«Ho combattuto a Bakhmut, eravamo carne da macello»

Gli spari improvvisi, una macchia di sangue che affiora dalla divisa, la corsa in ospedale trasportato dai compagni. Guerra. Bogdan – usiamo un nome di fantasia – è un soldato ucraino e queste scene le ha vissute sulla pelle. Dalla sua ferita, subita a Bakhmut, si è quasi del tutto ripreso e alcune settimane fa ha lasciato l’ospedale in cui era ricoverato a Kiev. Lo abbiamo contattato al telefono, chiedendogli di aiutarci a capire cosa significa essere al fronte.
Come sta?
«Bene. Cammino con quattro gambe: due mie e due stampelle. Ne avrò fino alla fine dell’estate, poi i dottori rivaluteranno il mio stato di salute. Per il momento ho un certificato dov’è scritto che non posso combattere, ma in futuro potrei essere richiamato».
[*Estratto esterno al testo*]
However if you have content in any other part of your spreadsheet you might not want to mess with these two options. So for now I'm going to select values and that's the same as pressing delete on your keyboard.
Qual è il suo più grande desiderio adesso?
«Che la guerra finisca presto e che tutti i ragazzi arruolati possano liberarsi da questo ‘amo’. La cosa più terribile sono gli ordini che arrivano dall’alto. Io sono stato ferito a causa di un ordine sbagliato».
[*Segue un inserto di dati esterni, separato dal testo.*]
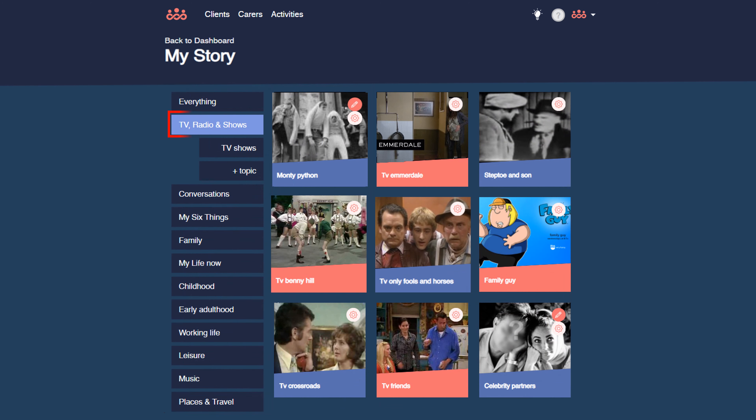And you can do the same thing with TV shows and video content — find them, store them and play them, whether remotely in groups or in one-to-ones, or even alone on the TV in your room. And you can upload your own family videos and capture events.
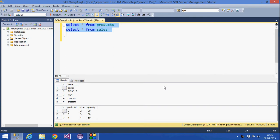Today we are going to see about a subquery. What is a subquery? A subquery is nothing but a query within another query — that means in a single query we can write a number of other queries also.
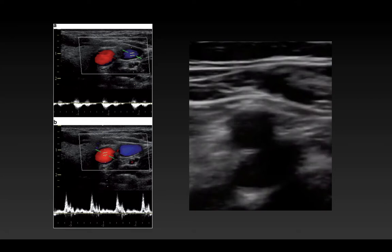It's important to assess anatomy because you might find something you're not expecting. On the right side of the screen, the artery is directly overlying the vein, making an approach very difficult.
Se la sente di raccontare cos’è successo?
«L’operazione era cominciata di notte. Eravamo in un piccolo avvallamento a Bakhmut, vicino a una fabbrica. La nostra prima linea avanzava, e io mi trovavo nelle retrovie con altri compagni per impedire che fossimo accerchiati. Alla mattina i russi hanno lanciato un contrattacco e a un certo punto, non so da dove, verso di me sono arrivati dei colpi. Un proiettile ha sbattuto contro l’elmetto, l’altro mi si è conficcato nell’anca».
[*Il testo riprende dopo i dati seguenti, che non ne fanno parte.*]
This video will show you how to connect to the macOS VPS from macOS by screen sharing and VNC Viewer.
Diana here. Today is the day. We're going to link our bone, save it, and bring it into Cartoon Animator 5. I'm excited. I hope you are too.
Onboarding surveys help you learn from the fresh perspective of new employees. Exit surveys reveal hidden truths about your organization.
Cos’ha pensato in quell’istante?
«Ero in una sorta di trance da combattimento. Non mi ero neanche reso conto della ferita: è stato un compagno a dirmi che stavo perdendo sangue. Poi è subentrato lo choc».
Ricorda quando si è arruolato?
«Il 25 febbraio, il giorno dopo l’invasione. Ero a Kiev e la città era in tilt. Essendo fra i riservisti, sapevo che in caso di necessità avrei dovuto essere pronto nel giro di ventiquattro ore. Avevo già combattuto nove anni fa nel Donbass, ma questa ultima esperienza è stata decisamente più dura».
Perché?
«Non mi aspettavo che i nostri generali ci trattassero come carne da macello. Mi sembrava di vivere i racconti che avevo sentito sulla Seconda guerra mondiale. So che non è stato così per tutti i battaglioni, ma nel nostro caso sì. E se non segui gli ordini, rischi di finire in tribunale. Di essere visto come un traditore».
Partendo per il fronte, una persona comincia a convivere con l’idea che potrebbe uccidere un altro essere umano. Come si fa ad accettarla?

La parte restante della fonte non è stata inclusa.